Parenthood is no walk in the park – well maybe, Jurassic Park. It’s not just a clever take on an old saying, but child-rearing can sometimes feel like rounding up a pair of ferocious velociraptors. The frustrating moments could feel never-ending and weary with the desperation to just fast-forward to the good moments.
They tell you it will go by fast.
I will never forget those early sleepy days of pushing my newborn around in the buggy of the grocery store.
“It goes by fast – enjoy it!” The most common line, followed by the usual tale of how their child has grown, moved out, or is now a parent themselves.
Enjoy it? I would always think to myself. My baby only sleeps when I hold him, is a boob-feeding machine, and I can’t get anything done around the house because he cries when I put him down!
Now I can relate to those well-meaning parents. I find myself saying the exact same thing to new moms. Enjoy it. It goes by fast.
They tell you that one day, you will miss the mess and chaos.
One day, there won’t be tiny hands smearing chocolate pudding on the table or a teenager to gripe at for leaving their dirty clothes on the floor. The chaos of raising children, I am so often told, will be dearly missed when the walls become silent and the floors are too clean.
They tell you it’s bittersweet.
The highs and lows. The firsts and lasts. Parenting is heartache and joy rolled into one. It’s letting go with the desire to hold on forever. It’s a heart full of pride watching them ride away on their bike without trainers while simultaneously yelling “Slow down!!”
They all tell you. You think you know. And then it happens.
What they don’t tell you is this:
Your own child will break your heart.
When you wake up one day and mommy suddenly turns into mom.
When the protests of “I want to do this on my own, I am a big boy now” find yourself scourging for any minuscule thing you can selfishly do for him.
At the sight of that bulky, too-big-for-his-body backpack, hanging off his body while he walks away.
With the way he said “goodbye” on his first day of school; trying his best to keep a smile on his face but in his eyes, you could tell he wanted to cry.
When the snuggles become shorter and his tiny hand that you hold, won’t stop growing.
When the birthday candles on the cake keep growing.
They are little. Until they’re not.
They will break your heart and they don’t even know it. You won’t even know it until it happens.
They don’t mean to break your heart, of course. They’re doing exactly what they’re supposed to do – spread their wings in order to turn into the person they are meant to be.
And you get the front row seat to watch it all. All of the tears. The firsts and lasts.
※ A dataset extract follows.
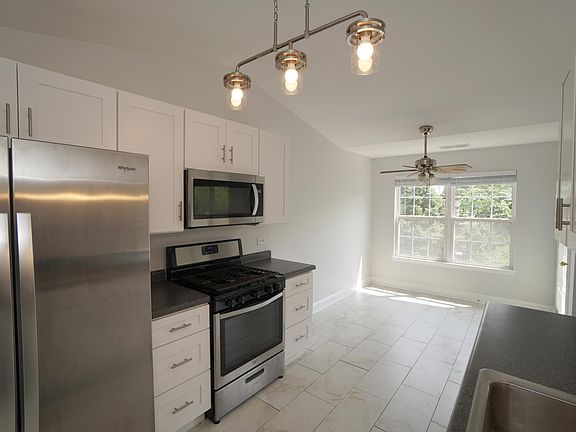 5th image of 1139 N Red Oak Cir Unit 4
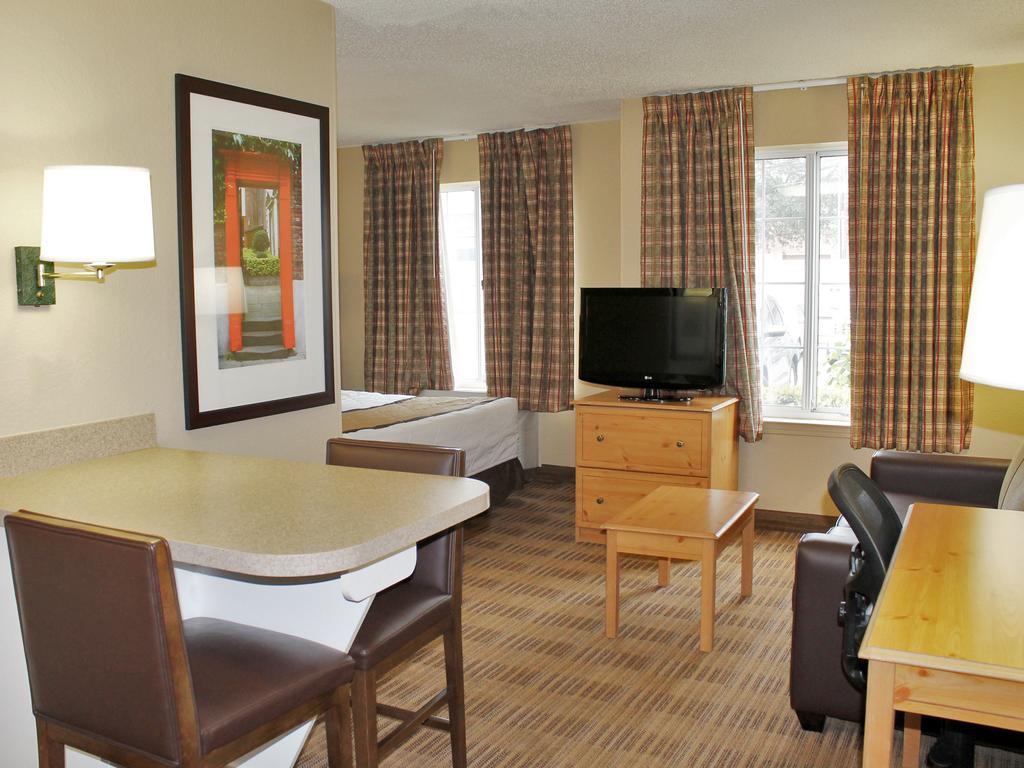Extended Stay America Select Suites - Chicago - Lombard - Oakbrook Окбрук Террас Экстерьер фото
The joy and pain. You’re dying to navigate the ride for them since you know the true core of this world; how it can be hateful, scary, and ugly, yet you’re strong enough to sit by their side and guide them
So am I mad that I was never told that my cuddly newborn would someday break my heart? Not at all, because I’ve learned what many wise parents before me already know: I’d do it all over again.